While still working in the lab, the work with the Youth Network for Health (YONEFOH) started for us. During the seminar in Banso, I learned a lot about the lessons of YONEFOH and improved my knowledge especially about HIV/AIDS. I’m glad that we had this seminar and it made me to understand the values of YONEFOH and the way the programme functions. Still, the seminar itself was very charged with information and with the language that was still new to us (after a few weeks in Cameroon) it was sometimes very tiring. It would have been better to go through fewer lessons and instead have more time for discussion and questions.
After the seminar the work with YONEFOH gradually started. I enjoyed especially the month of October when we went for Voluntary Counseling and Testing. I enjoyed my work with Vivian very much because she always gave us the possibility to bring in our own ideas and opinions.
In November and December, I was working with the Extended Forum of Care. To me, it was very interesting to get an insight on contact tracing and partner notification. I really enjoyed the times we went out for field work. Despite my expectations towards myself, I did not feel ready to counsel clients. By that time my Pidgin was not good enough to have a flowing conversation about such a private topic. That’s why after sometime, I was mostly doing data entry.
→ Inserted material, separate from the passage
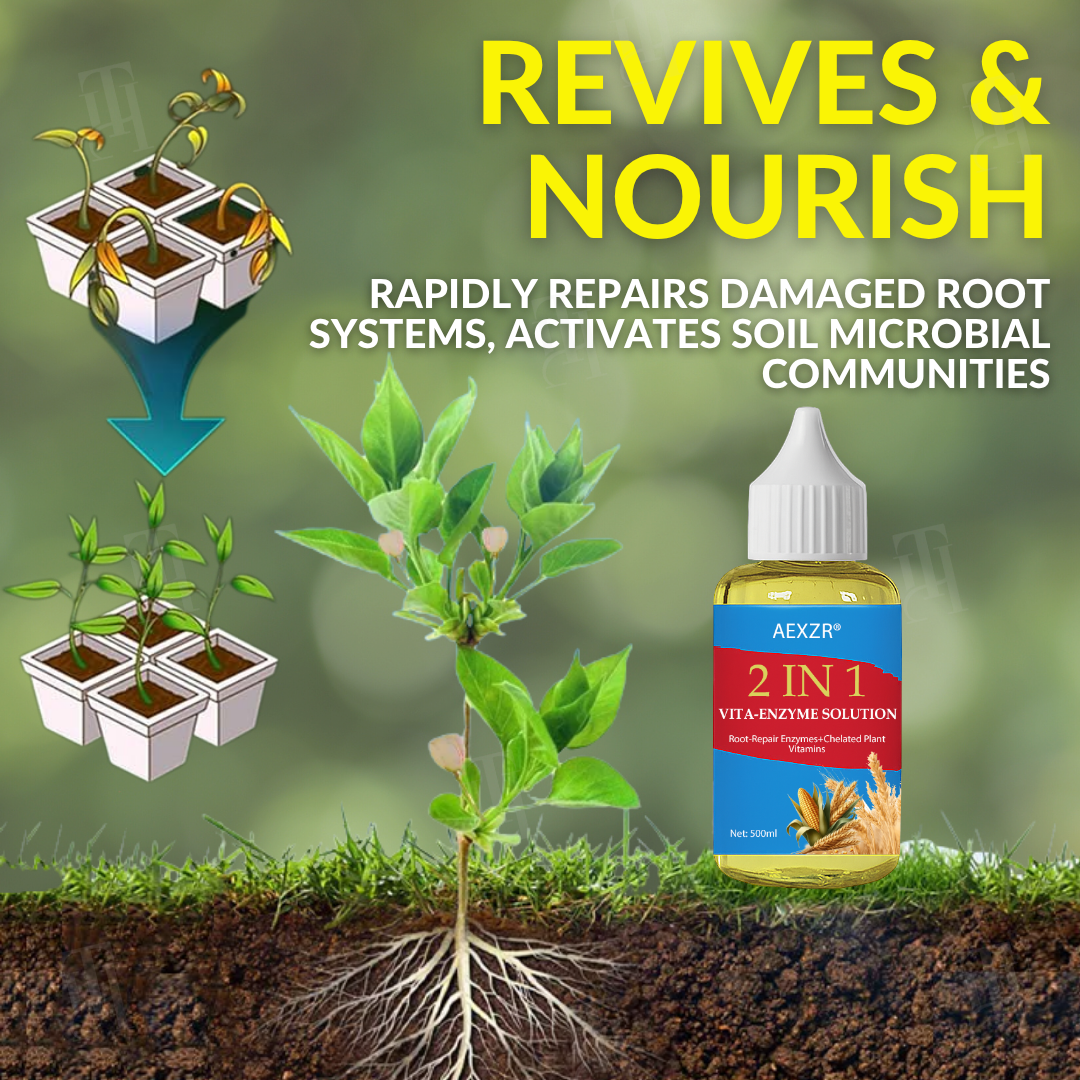 🔥 BLACK FRIDAY: 40% OFF | AEXZR® 2 in 1 Vita-Enzyme Solution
I enjoyed being with Eli and Winifred in the office but the data work was not really interesting to me.
In January after Salome had to leave Cameroon, I took her place in the Lab again. To be honest I didn’t enjoy the work so much again because I had planned to intensify my work with Vivian and YONEFOH. What I missed in the Lab was the chance to realize my own ideas or leave my own little foot print. Still, I know that I was of help to Nico because he was the only one working after Sylvie, Evelyn, and Salomé had left.
Early March Kathi, Hannah, and I finally moved to Banso to work with Life Abundant Primary Health Care. The work at Bamkika’ai was interesting but I’m not sure if I was really of help to anybody there. Still, I really enjoyed the trip to Oku, to experience the important work that LAP is doing in the one hand, village life and the friendliness of the people living in the village and working in the Primary Health Centers (PCHs) on the other. Also the Resource Pool (meeting of all the Field Supervisors, Field Assistants and PHCs) was very interesting to me because it gave me more insights into the work and structure of LAP.
Finally, I want to say that I really enjoyed my time in Cameroon. Almost everybody, not only at the workplace, treated me with so much love and understanding and – everybody in his/her own way – showed or taught me something about the life and culture of Cameroon. I want to thank Christy and Glory in a special way for their assistance especially during the first time. I know that even today, Christy is always there to help me if problems arise. I never felt homesick for long because I always felt like having a second home in Cameroon.
I am really happy that I met so many welcoming people but I am sometimes frustrated that I didn’t have something to give while receiving so much. Probably I had high expectations towards myself. I should accept that I was not supposed to help like a skilled volunteer but to learn from this stay in Cameroon! Still, I hope that, one day, I will be able to come back as a doctor and give some of the help and love that I experienced here back to my Cameroonian brothers and sisters”.